Speaker of the House Mitzi Johnson (D-South Hero) presides over the vote. Photo courtesy of Henry Rood.
Brandon Arcari, Vermont Business Magazine The Vermont House overrode Governor Scott’s veto of S.23, increasing the state’s minimum wage effective in 2021.
The vote passed 100-49, and followed the Senate’s February 13 vote to override the veto 24-6. The bill will raise the state’s minimum wage to $11.75 in 2021, from its current $10.78, and to $12.55 in 2022, and ties minimum wage increases to inflation after those years.
“Today's vote reaffirms the legislature’s commitment to Vermont’s working families,” said House Speaker, Mitzi Johnson (D-South Hero) in a press release. “A wage increase will be instrumental in improving the lives of Vermonters.

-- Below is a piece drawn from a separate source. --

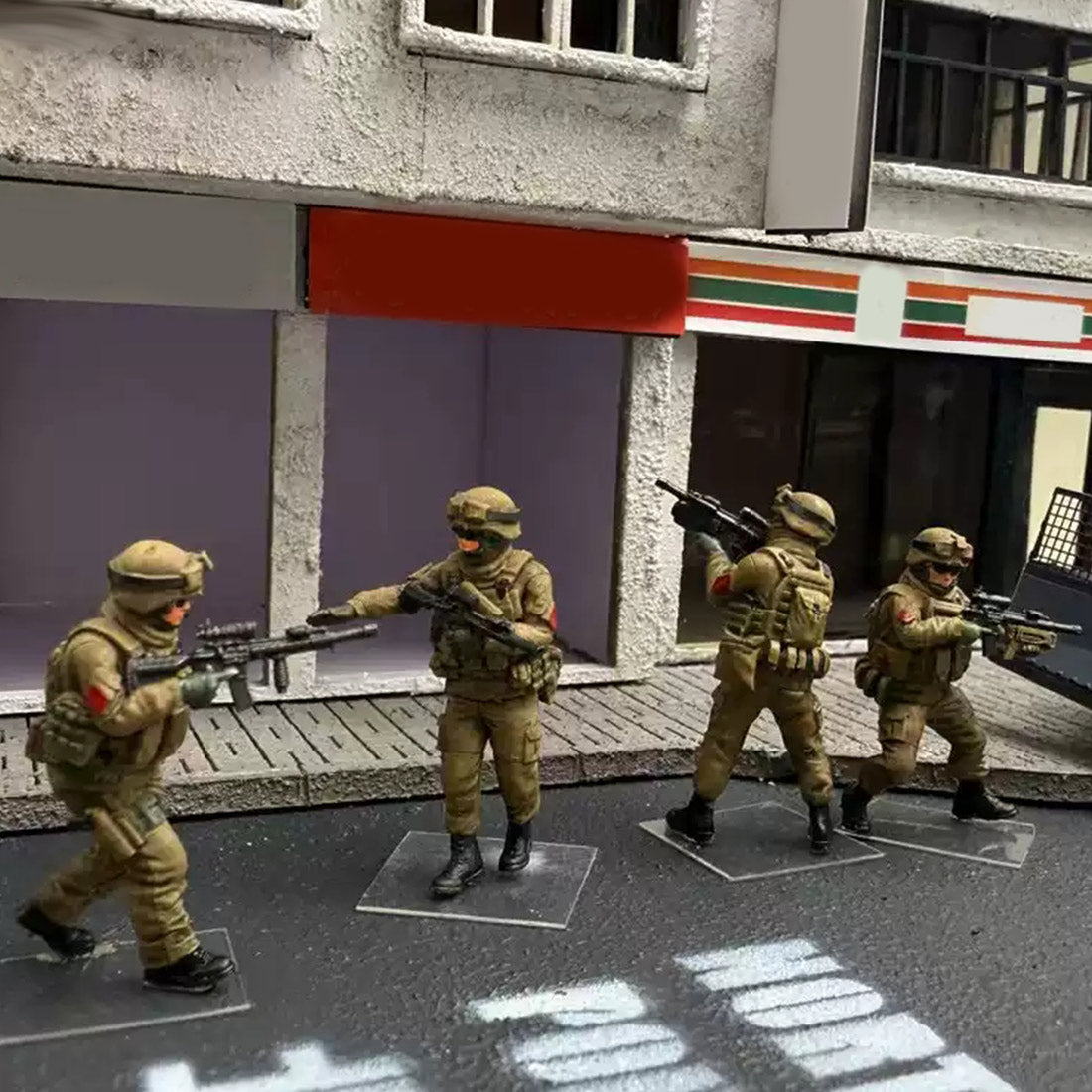 1/64 Scale Special Forces Figure Set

The current minimum wage is $10.78 and would have increased simply based on inflation next January 1."
The governor issued a statement following the override.
“My concerns for this bill – based on fiscal analysis from the Legislature’s Joint Fiscal Office – have been that the negative impacts on Vermont’s economy, workers’ hours and jobs will outweigh the positive benefits, especially in our more rural areas,” Scott said in a separate press release. “These concerns were shared by legislators of both parties.”
House Representative Barbara Rachelson (D-Burlington) said in a phone call with VBM that it felt great to override the veto.
“I know some people had concerns, but there have been 20 states that have increased minimum wage and plenty of reputable studies that support it,” she said.
Rachelson said the bill was not as dramatic an increase as she would have liked, but that it was certainly better than nothing.
“It’s hard to get by on $15 an hour [in Burlington],” she said. “[But] it’s money in people’s pockets.”
It may be possible for an individual to make do with that, but for “a mom a dad and a kid, it’s nearly impossible,” Rachelson said.
“Gradual increases in the minimum wage help ensure Vermonters have the economic resources to support themselves, which puts more money into Vermont’s small businesses and helps our communities thrive,” said Speaker Johnson in the press release.
Governor Scott said that he hoped the legislature’s choice to override the veto was a good one.
“We simply cannot sustain more job losses or closed businesses, particularly outside the greater Burlington area,” he said in the press release. “While disappointing, it’s now more important than ever to move forward and focus on policies that actually grow the economy, make Vermont more affordable, attract more to our workforce to reverse our demographic crisis and help workers move up the economic ladder with more skills for better paying jobs.”
On the floor of the house, Rachelson explained her vote.
“Raising the minimum wage is not a novel idea,” she said. “Twenty states have recently raised their minimum wage.”
Representative Barbara Rachelson (D- Burlington) explaining her vote. Photo courtesy of Henry Rood.